> [MATERIAL SUPPLIED]:
★ ★ ★ ★

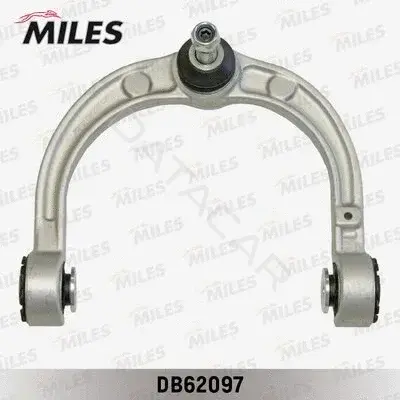 Рычаги MILES DB62097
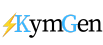kyg logo design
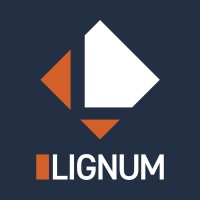 The Lignum Group logo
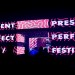 Present Perfect Festival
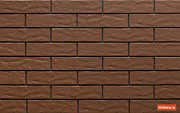 Cerrad, цвет Brown (структура) формат 24,5х6,5 см
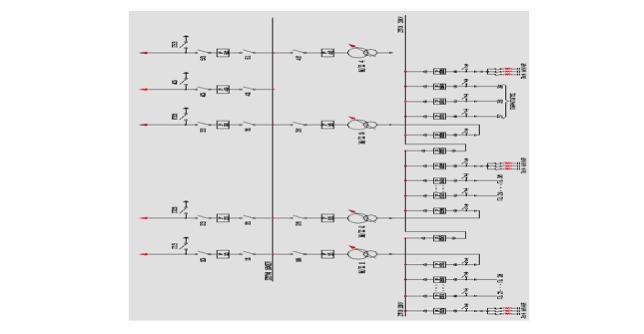 Κεφάλαιο 3: Μελζτη Υποςταθμοφ 150kV/20kV ην παξαθάησ κνλνγξακκηθφ δηάγξακκα παξνπζηάδνληαη θάπνηα ζχκβνια πνπ αληηζηνηρνχλ ζηα ζηνηρεία ηνπ Τ/ Γηαθξίλνληαη ζηα 150kV νη κεηαζρεκαηηζηέο ππνβηβαζκνχ,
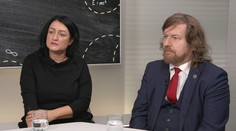 Role učitele se posouvá. Měl by být dítěti průvodcem, říká proděkanka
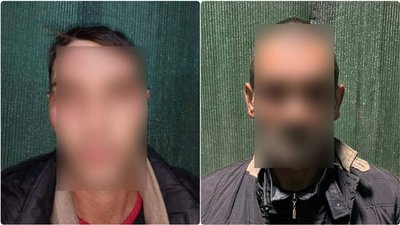 У Херсоні затримали крадіїв поштового відділення У Херсоні затримали крадіїв поштового відділення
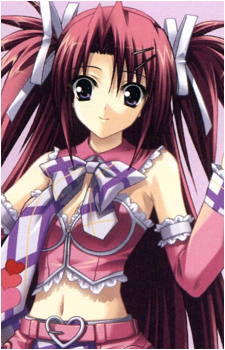 Mei Orisaka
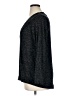 Harlowe & Graham Black Pullover Sweater Size 0X - photo 5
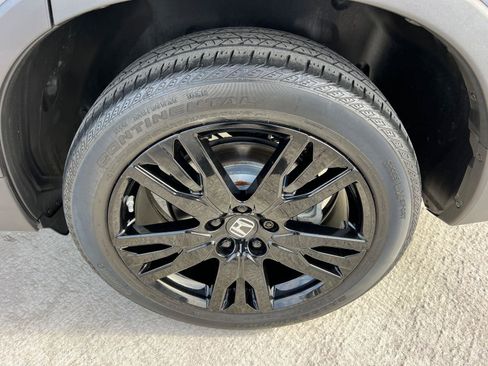 Used 2022 Honda Pilot Special Edition image 20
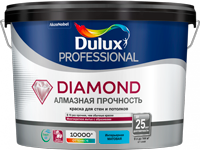 Dulux Diamond  :   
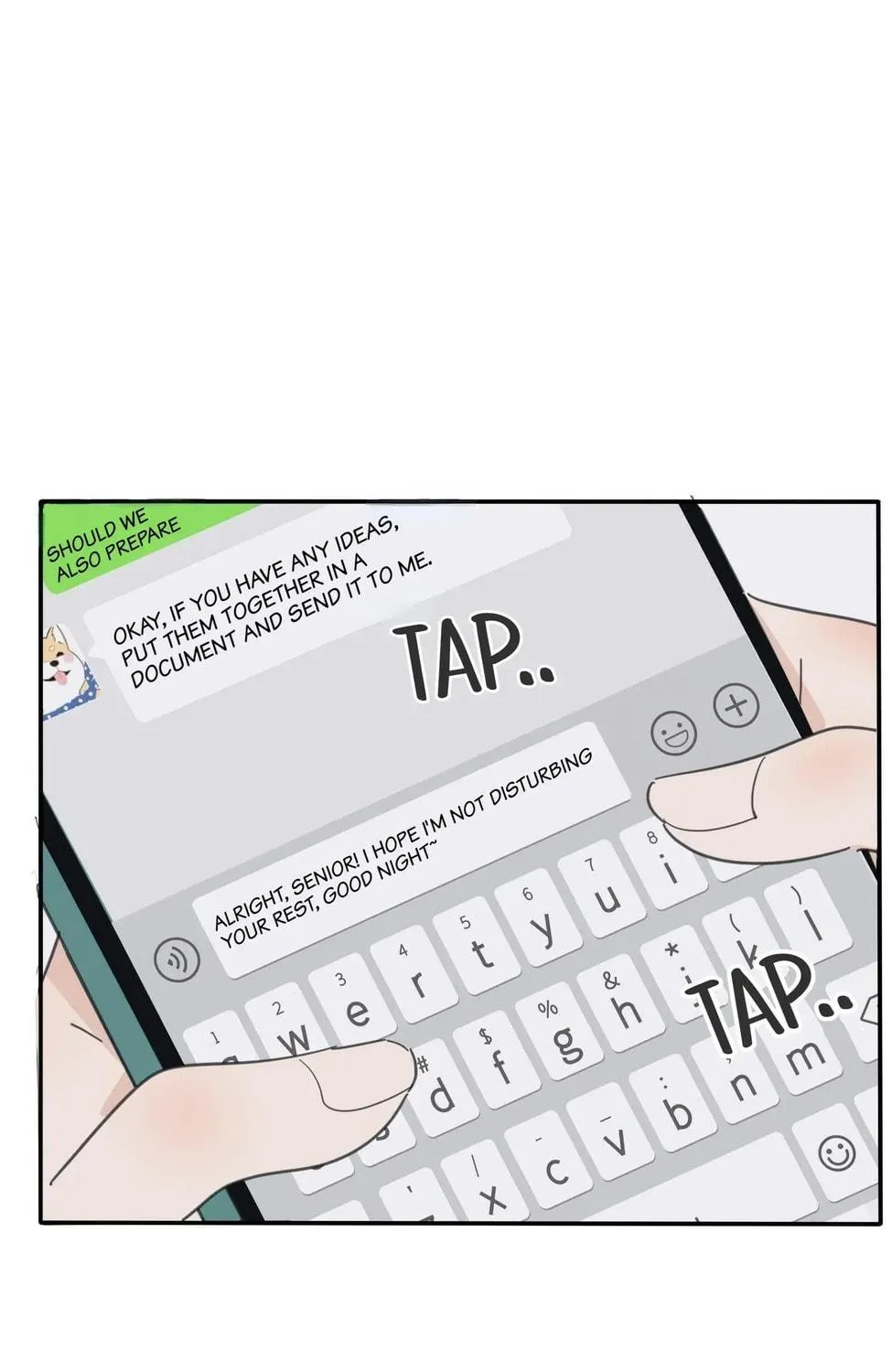 Read Baili Jin Among Mortals chapter 150 image 31 on Lezhin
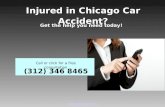 Top Auto Accident Lawyer Chicago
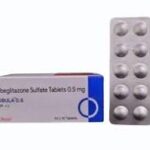 LOBULA 0.5MG TAB  1,S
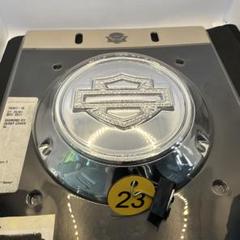 新品　ハーレー純正　ダービーカバー　スポーツスター　XR XL ダイアモンド 新品 ハーレー純正 ダービーカバー スポーツスター XR XL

★ ★ ★ ★

Each entry above should be copied exactly. The pictures should not.

> [WRITTEN ANSWER]:
 Рычаги MILES DB62097
kyg logo design
 The Lignum Group logo
 Present Perfect Festival
 Cerrad, цвет Brown (структура) формат 24,5х6,5 см
 Κεφάλαιο 3: Μελζτη Υποςταθμοφ 150kV/20kV ην παξαθάησ κνλνγξακκηθφ δηάγξακκα παξνπζηάδνληαη θάπνηα ζχκβνια πνπ αληηζηνηρνχλ ζηα ζηνηρεία ηνπ Τ/ Γηαθξίλνληαη ζηα 150kV νη κεηαζρεκαηηζηέο ππνβηβαζκνχ,
 Role učitele se posouvá. Měl by být dítěti průvodcem, říká proděkanka
 У Херсоні затримали крадіїв поштового відділення У Херсоні затримали крадіїв поштового відділення
 Mei Orisaka
 Harlowe & Graham Black Pullover Sweater Size 0X - photo 5
 Used 2022 Honda Pilot Special Edition image 20
 Dulux Diamond  :   
 Read Baili Jin Among Mortals chapter 150 image 31 on Lezhin
 Top Auto Accident Lawyer Chicago
 LOBULA 0.5MG TAB  1,S
 新品　ハーレー純正　ダービーカバー　スポーツスター　XR XL ダイアモンド 新品 ハーレー純正 ダービーカバー スポーツスター XR XL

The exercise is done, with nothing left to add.